--- START ---

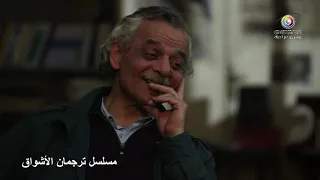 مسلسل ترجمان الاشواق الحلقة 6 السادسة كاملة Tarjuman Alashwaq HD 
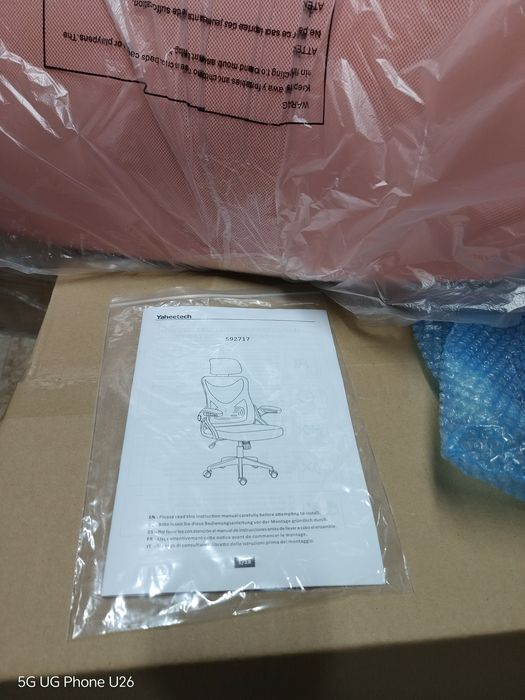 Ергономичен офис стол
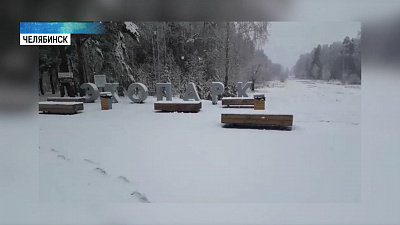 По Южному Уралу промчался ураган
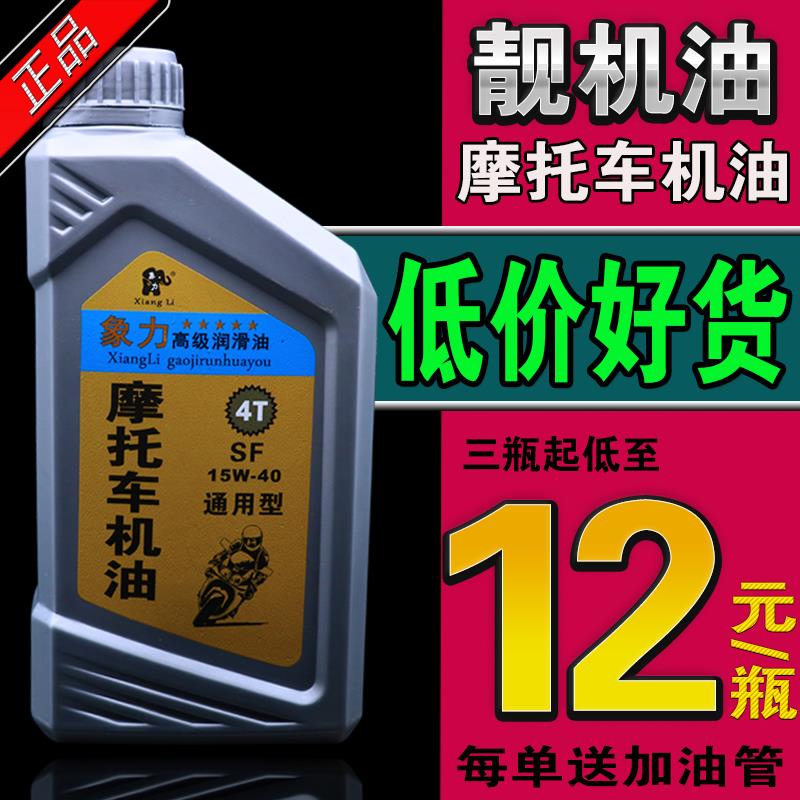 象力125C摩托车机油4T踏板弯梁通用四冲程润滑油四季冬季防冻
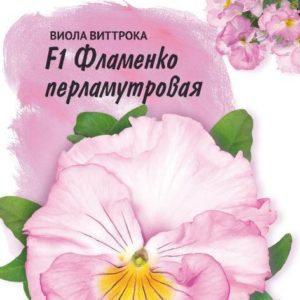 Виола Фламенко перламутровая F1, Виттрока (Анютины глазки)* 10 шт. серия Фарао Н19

--- END ---
--- START ---

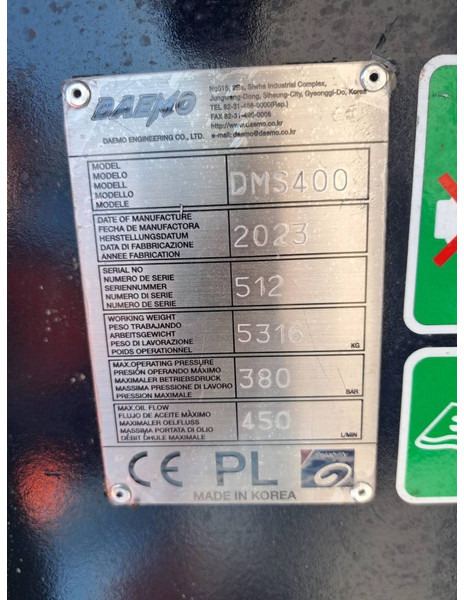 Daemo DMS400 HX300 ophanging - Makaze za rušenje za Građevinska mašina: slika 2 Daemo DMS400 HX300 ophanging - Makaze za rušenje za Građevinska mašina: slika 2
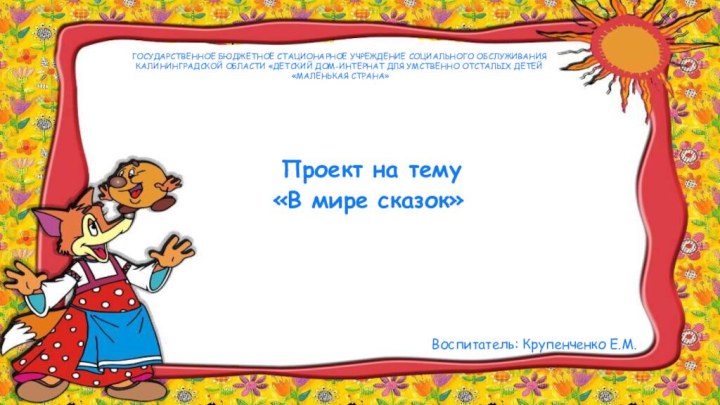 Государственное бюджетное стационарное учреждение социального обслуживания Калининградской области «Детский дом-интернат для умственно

--- END ---
--- START ---

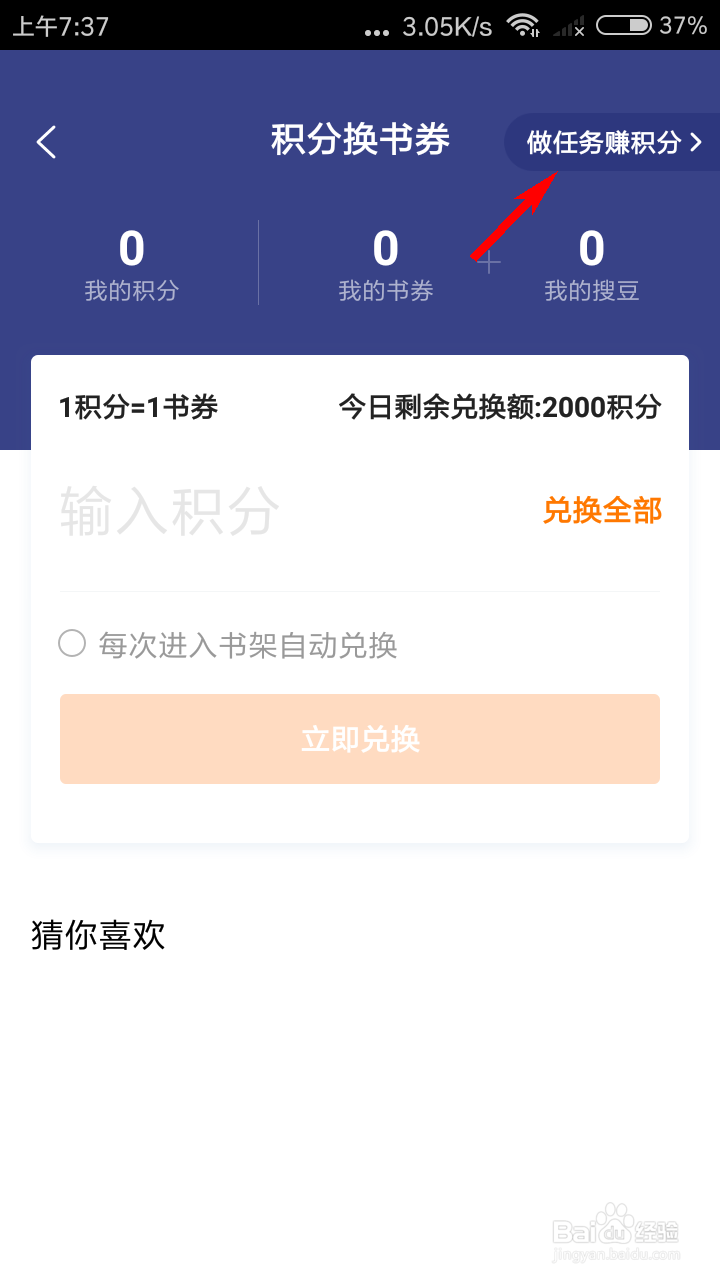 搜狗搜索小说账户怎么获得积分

--- END ---

EXERCISE: The copy should hold exactly the lines above from the one with "مسلسل ترجمان الاشواق" through the one with "Виола Фламенко перламутровая", both ends counted, and no pictures at all.

TASK RESULT:
 مسلسل ترجمان الاشواق الحلقة 6 السادسة كاملة Tarjuman Alashwaq HD 
 Ергономичен офис стол
 По Южному Уралу промчался ураган
 象力125C摩托车机油4T踏板弯梁通用四冲程润滑油四季冬季防冻
 Виола Фламенко перламутровая F1, Виттрока (Анютины глазки)* 10 шт. серия Фарао Н19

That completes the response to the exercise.